Русская идея — братство свободных народов, ответственных перед будущим за свои деяния, потому что «мы знаем: когда падает кто из нас, он падает один; но никто один не спасается» (Хомяков).
Исторический опыт подсказывает России выход, к которому она и зовет всех. Многонациональное государство между Востоком и Западом, треть отмерянного ему срока проведшее в битвах, насилиях Ига и революциях, — что должны говорить его идеологи в момент пробуждения национального самосознания?
«Национальная идея русская, — отвечает Достоевский, — есть в конце концов лишь всемирное общечеловеческое объединение» — это тип «всемирного боления за всех». И Владимир Соловьев с чувством повторяет слова: «Истинно русский человек... полон благоволения ко всему человеческому — к добру, красоте и правде в каждом смертном. Для него нет имен, нет званий, а есть только другая человеческая личность, ищущая правды и добра, заключающая в себе искру Божию, которую следует найти, пробудить, истолковать» [Соловьев V: 380].
Эта черта начисто исключает возможность шовинизма.

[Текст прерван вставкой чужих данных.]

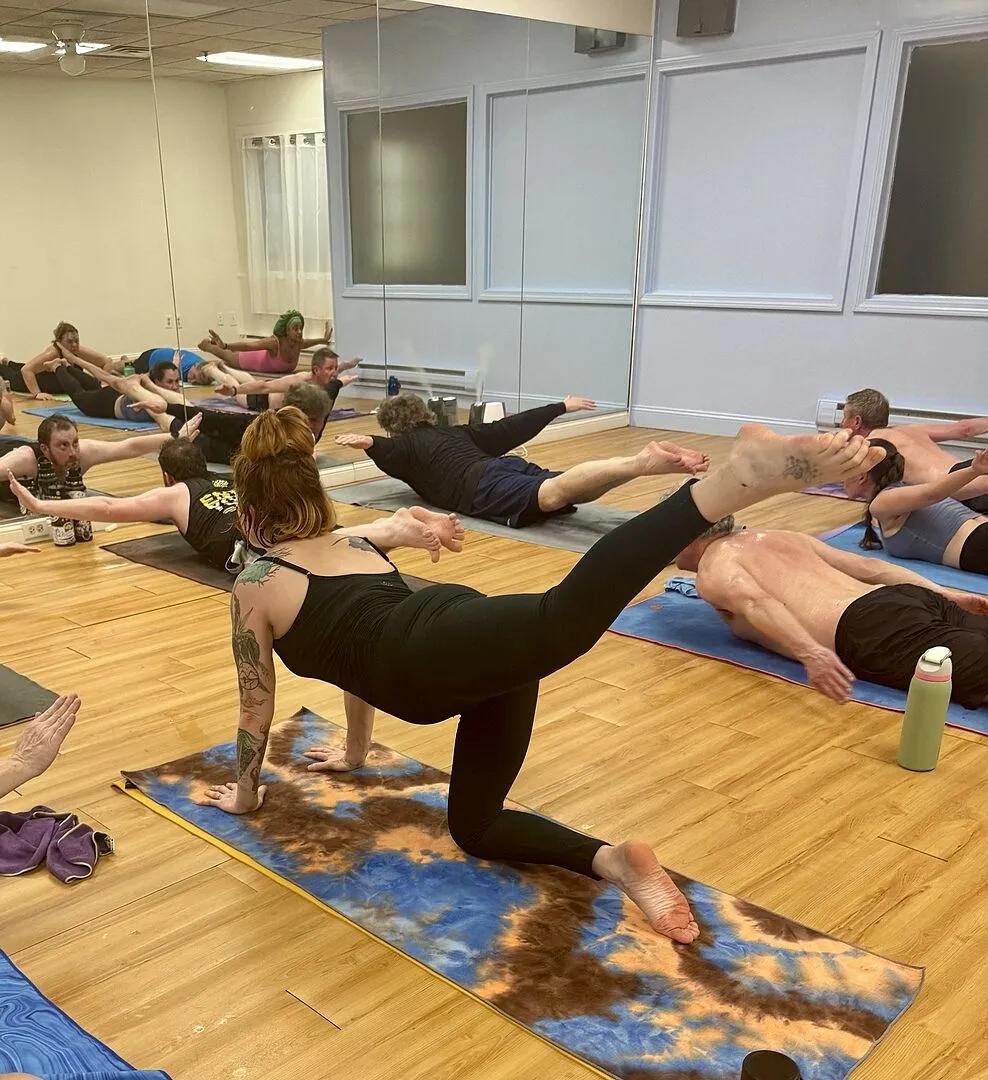 Beyond Yoga Spacedye Uplevel gravidjumpsuit grå mediumstöd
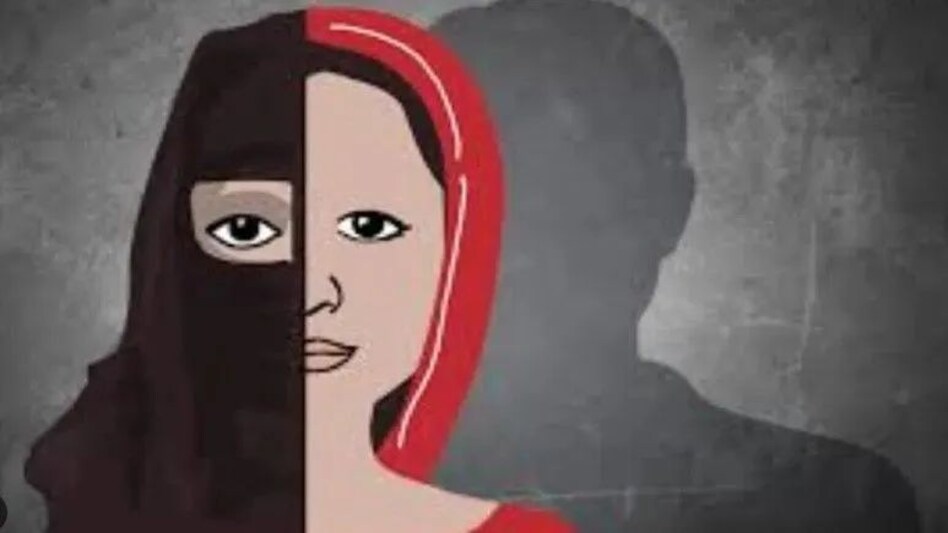 लखनऊ में हिंदू परिवार का जबरिया इस्लाम में धर्म परिवर्तन, बेटी ने अपने मां-बाप के खिलाफ दी पुलिस शिकायत लखनऊ में हिंदू परिवार का जबरिया इस्लाम में धर्म परिवर्तन, बेटी ने अपने मां-बाप के खिलाफ दी पुलिस शि...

Однако опыт XX в. показал, что мир не готов к подобному единению. Народы и государства эгоистичны. Идеационное, говорил Питирим Сорокин, в нем подавлено чувственным, тело сокрушает душу. И потому направленность русской идеи меняет свой вектор. Идея-идеал становится прагматичной идеей (она «поблекла»), хотя все еще не ограничилась формой, данной ей Ломоносовым («размножение и сохранение русского народа»). Став собственно «русской идеей», теперь она такова же, как все вообще идеи западных народов: «После того, как одни называли нас унтерменшами и зумпфменшами, низшей расой, годной только для удобрения высшей культуры, а другие взращивали свои победы на полях, удобренных нашей кровью, — нам очень бы не плохо идею служения человечеству заменить — повторяю, хотя бы на время — идеей служения самим себе. Истинно христианскую формулировку: "Кто хочет быть первым — будь всем слугою" нам нужно попробовать прочесть с конца: "Кто хочет быть всем слугою — будь первым". Мы должны сказать самим себе — скромно, но твердо, — что мы, русские, есть моральная аристократия мира, идущая на смену земельной и финансовой» [Солоневич 1991: 387]. Гораздо раньше о том же говорили публицисты-патриоты начала XX в., да и сейчас повторяют многие — но кто услышит?